There is only one instance of the library, rather than one per window. You can get hold of it with:

Components.utils.import("resource://modules.standard-sitemap.org/sslib.jsm");
var lib = Application.storage.get("org.standard-sitemap.library", null)

Do the import once at the start of your script. As a code module, it is safe to import it multiple times, e.g. once from each script.

Sitemap service

The file service.jsm defines some classes for obtaining sitemap XML files, and parsing them into a node hierarchy.

The StandardSitemapService class is instantiated once per application, and can be obtained through:

monitor.getService()  // See below to get monitor.
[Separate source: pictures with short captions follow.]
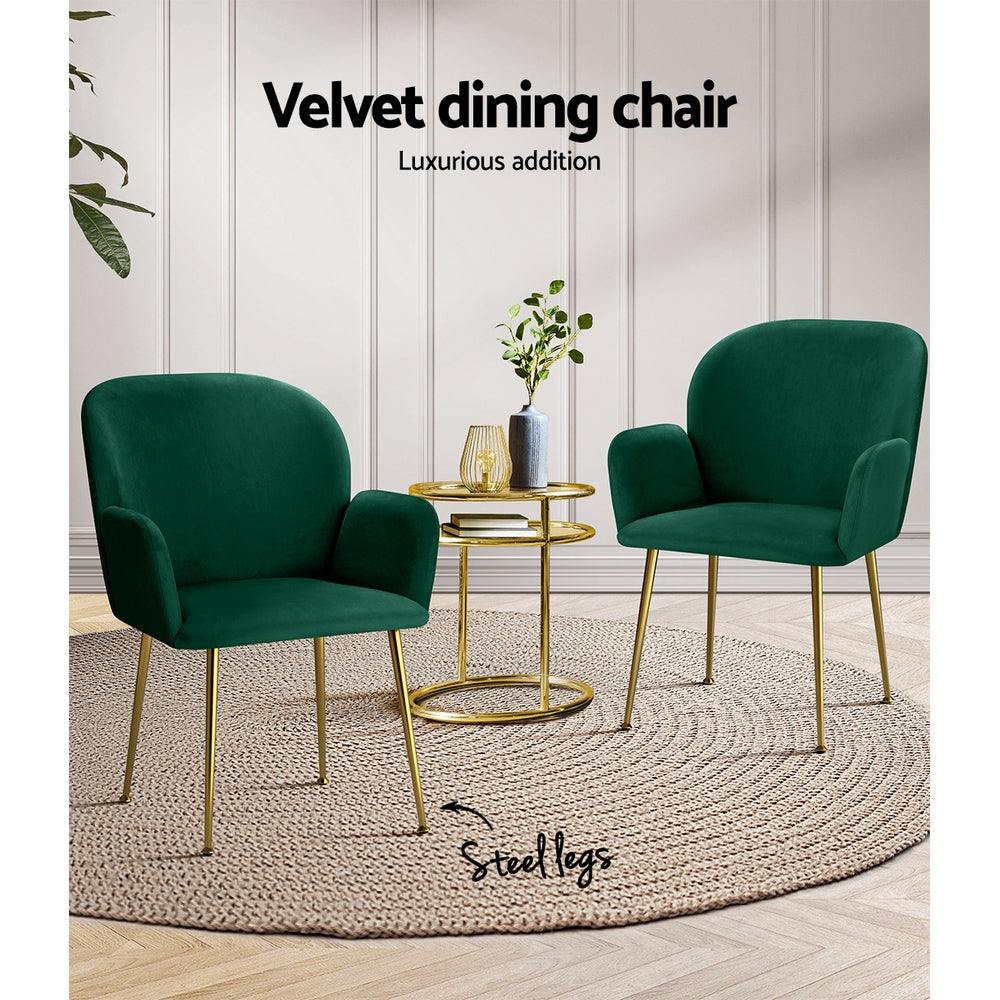 Natalia Velvet Dining Armchairs Set of 2 - Green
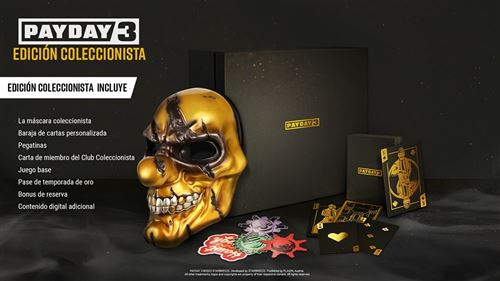 Caja de la edición de coleccionista de Payday 3 con máscara, cartas y contenido.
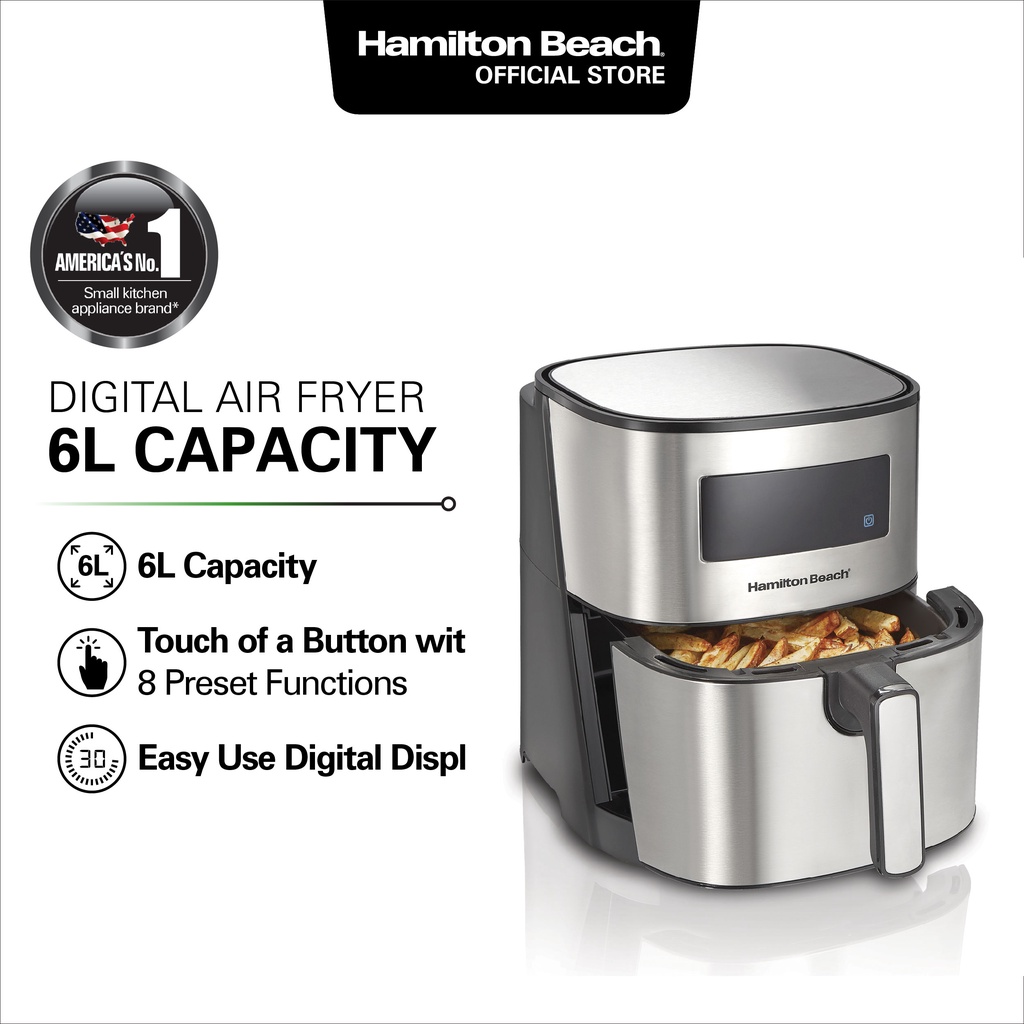 Hamilton Beach 6L Capacity Digital Air Fryer with Non-Stick Basket, 35075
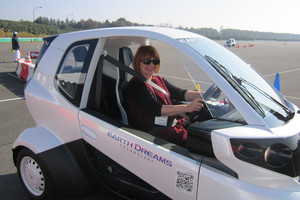 Liz Dobson gets ready to test the mirco EV, MC-B, at Honda's R&D centre in Japan.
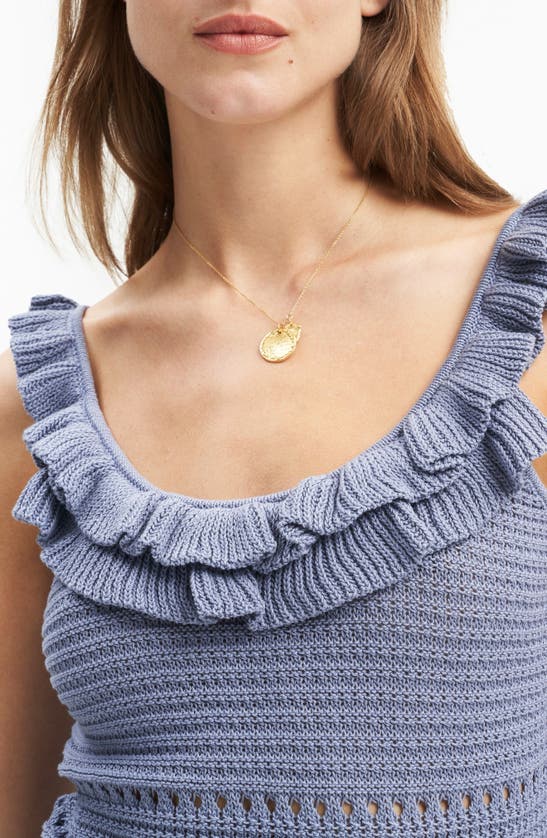 7 For All Mankind Openwork Ruffle Neck Sweater Tank In Denimblue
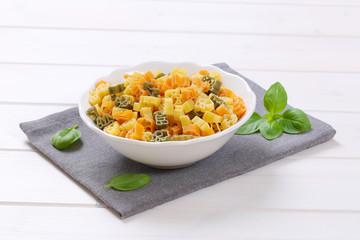 raw colored pasta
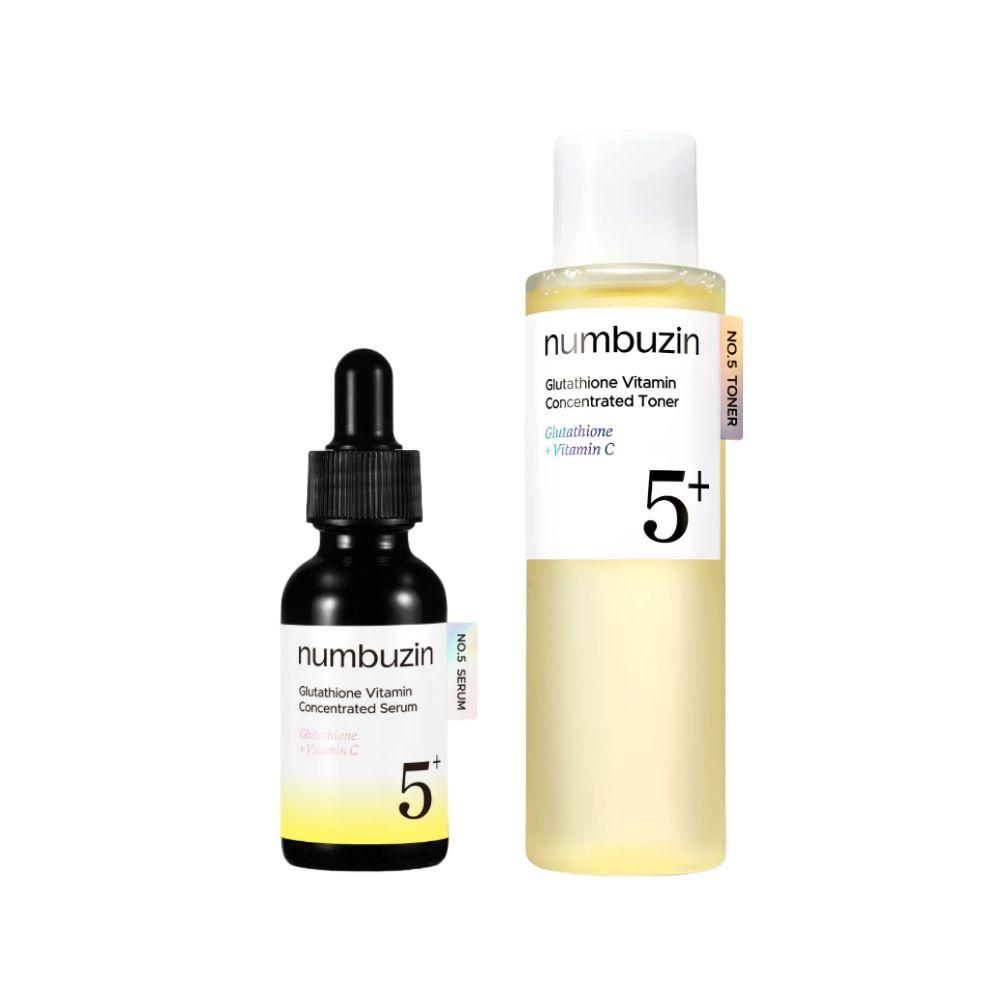 numbuzin Glutathione and Vitamin C No.5 Essential Toner 200ml and No.5 Vitamin Concentrated Serum 30ml and Vitamin Spotlight Mask 27ml 1ea Set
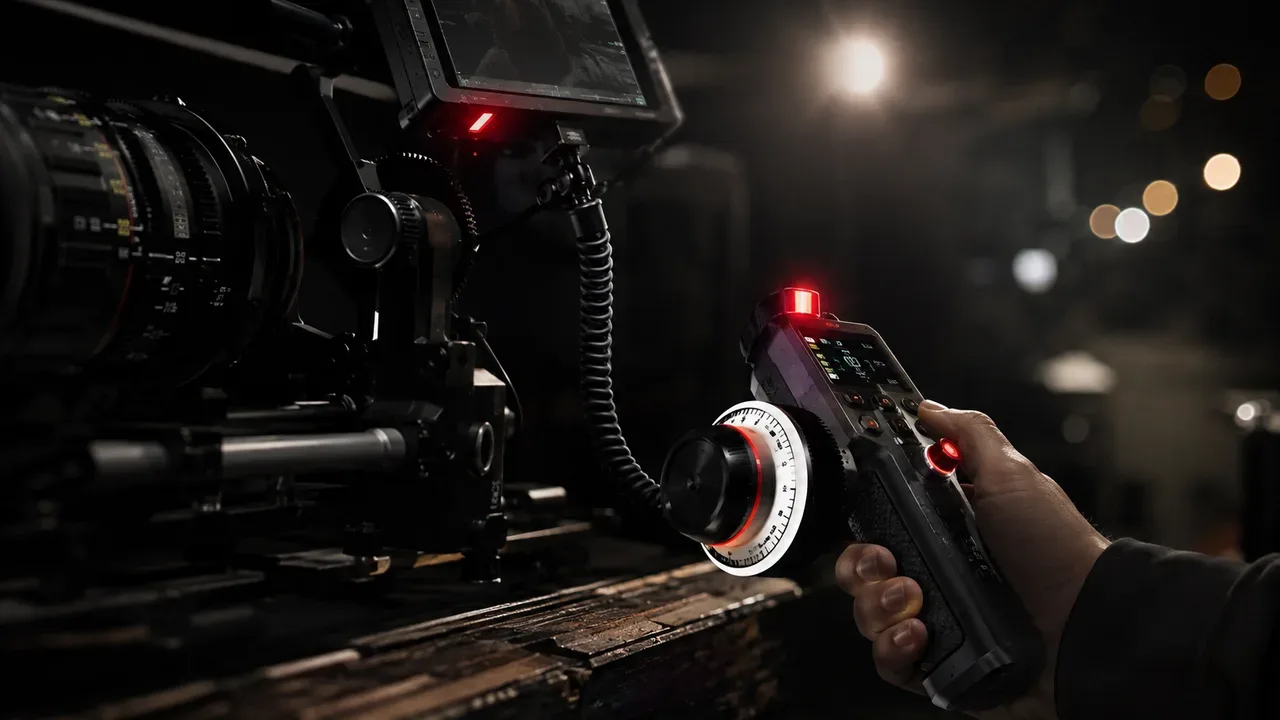 Unidade de foco sem fio em set noturno com visor telemétrico iluminado e indicador de distância focal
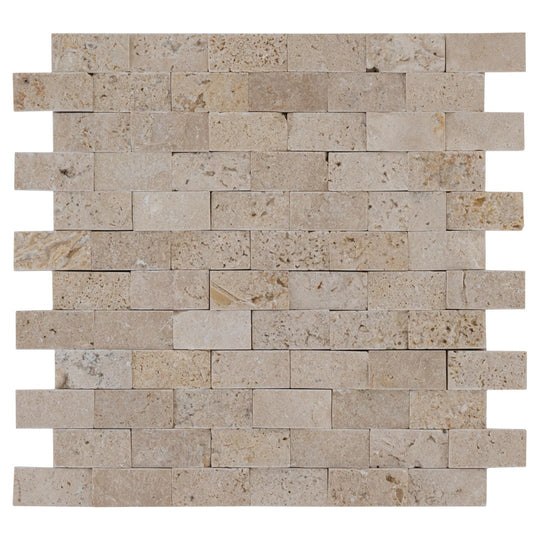 Keystone 12" x 12" Extra Light Split Face Natural Stone 1x2" Mosaic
This resource is also available directly as a code module:

Components.utils.import("resource://modules.standard-sitemap.org/service.jsm");
var service = Application.storage.get("org.standard-sitemap.service", null);

…but you may as well get it from the monitor for the window you’re dealing with.

A rendering component should only need to read instances of classes StandardSitemapService.Sitemap StandardSitemapService.Sitemap.Node and StandardSitemapService.Sitemap.VariantData. It should never need to create them or cache them, so the module does not expose such things.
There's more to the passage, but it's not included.